#### What you are asked to do:
Output the data unchanged and complete, minus the images.

Recorded data below:

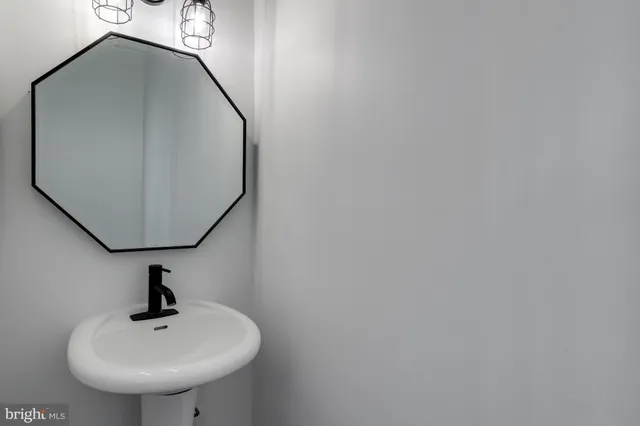 $410,000 | 3573 Fossilstone Place, Waldorf, MD 20601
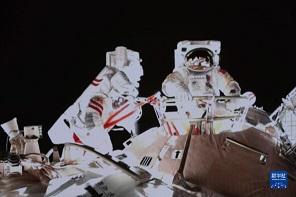 «Шэньчжоу-13» ғарыш кемесіндегі ғарышкерлер экипажы кабинадан шығу әрекетін сәтті орындады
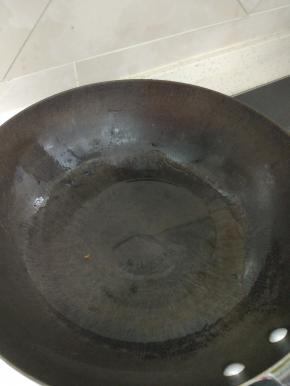 锅内放少许的油烧热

End of Recorded data.

#### Your response:
 $410,000 | 3573 Fossilstone Place, Waldorf, MD 20601
 «Шэньчжоу-13» ғарыш кемесіндегі ғарышкерлер экипажы кабинадан шығу әрекетін сәтті орындады
 锅内放少许的油烧热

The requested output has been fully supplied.